Вертинский превратил моду в поэзию. Часть 1

Часть II

21 марта исполнилось 115 лет со дня рождения Александра Вертинского. Меня коробит, когда его называют "эстрадным исполнителем" или "шансонье". Я приемлю только "поэт". Поэт, который исполнял свои стихи. Даже не "бард", потому что "бард" - это другое поколение и другая среда.

Его тексты заставляют нас смеяться и плакать, и думать: "Почему не я это написал, и получится ли: так просто и так здорово". Белогвардейский генерал Слащов говорил о его стихах: «Господа, мы все знаем и чувствуем это, только не умеем сказать. А он умеет». Записей осталось немного, и порой потрясают именно те стихи, которые можно только прочитать, а не услышать.

Так вот, когда читаешь Вертинского, все время попадаются упоминания одежды, духов, аксессуаров. Эти маленькие детали, проскальзывают мимо при первом прочтении и тем более, когда играет CD или кассета. Подумаешь, "платье Maison Lavalette" - для рифмы, наверное, поставил. Но они расставлены так часто! Они повторяются. Они дополняют друг друга. Они меняют смысл песен и связывают их между собой. Эти "фишки" - смальта в мозаике, а не хаос пятен.
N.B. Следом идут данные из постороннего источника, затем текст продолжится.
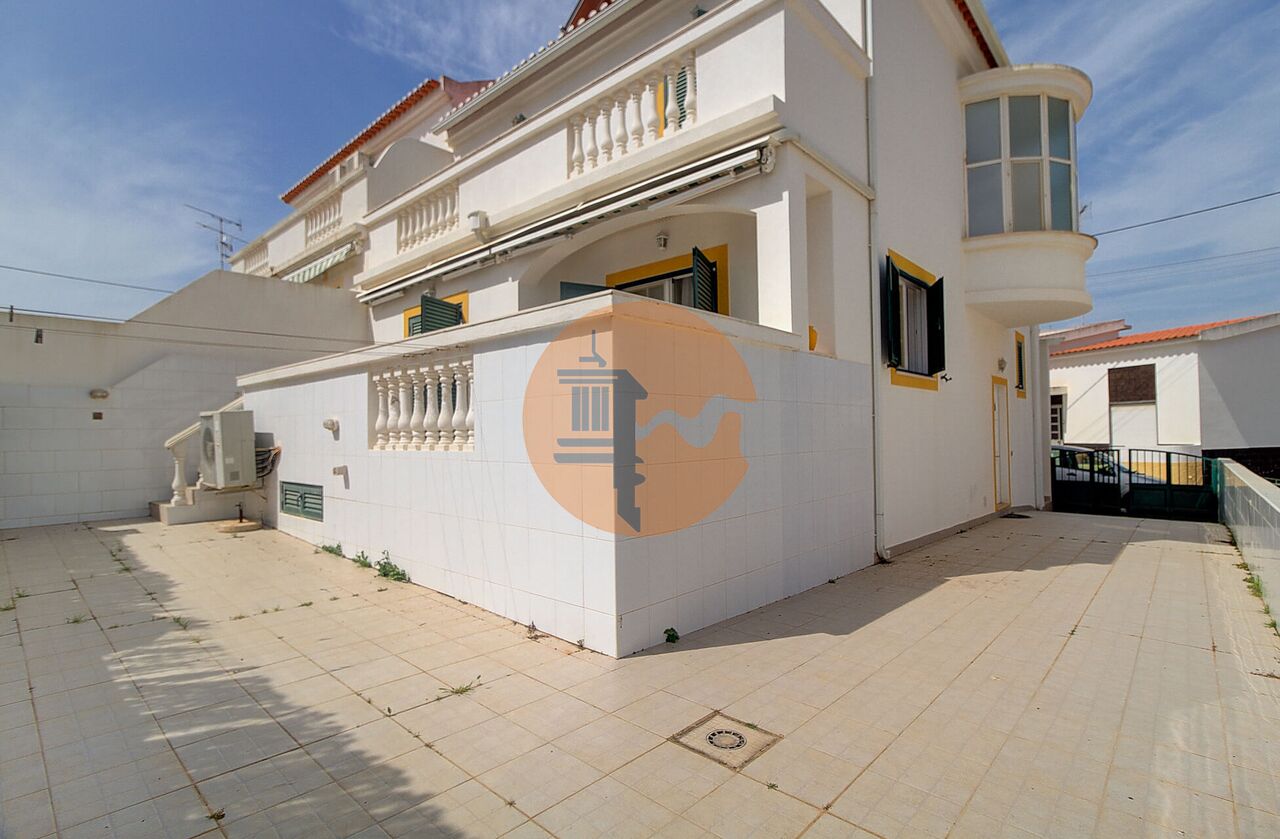 Villa te koop in Faro 15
Я даже не буду писать о "Злых духАх" (1925). У самого большого фаната парфюмерии среди поэтов Бодлера не найти гимна действительно существующим духам, а не какому-то абстрактному запаху. Воспетые Вертинским Nuit de Noel от Caron, выпускаются до сих пор…

Возьмем "Ваши пальцы" (1916):

Ваши пальцы пахнут ладаном,
А в ресницах спит печаль
Ничего теперь не надо нам,
никого теперь не жаль.

Обычно считают, что пальцы пахнут ладаном оттого, что женщина умерла, и на нее кадят во время отпевания. Но вот другое толкование: ладаном пахли ее любимые духи.

Свет проливает "О шести зеркалах" того же года:

У меня есть мышонок. Приятель негаданный,
В моей комнате, очень похожей на склеп,
Он шатается, пьяный от шипра и ладана,
И от скуки грызет мои ленты и креп.

Мы можем предположить, что шипр - это запах одеколона героя, а ладан - духов женщины, которая к нему ходит. Тем более, что похожая тема возникает в "Псе Дугласе" (1917):

В нашу комнату Вы часто приходили,
Где нас двое: я и пес Дуглас,
и кого-то из двоих любили,
Только я не знал, кого из нас

Nuit de Noel. Старинный флаконДальше про Дугласа: "Он любил духи и грыз перчатки". Годом раньше мышонок грыз ленты. В "Шести зеркалах" герой умирает из-за "маленькой, злой, ограниченной женщины". В "Дугласе" женщина тоже злая, бесчувственная и любит только собаку, но умирает сама, как в "Пальцах". А в меланхоличной "Пей, моя девочка" (1917), герой обращается к пришедшей к нему и лежащей в кровати "девочке": "Наши сердца, как перчатки изношены". Такая вот загогулина...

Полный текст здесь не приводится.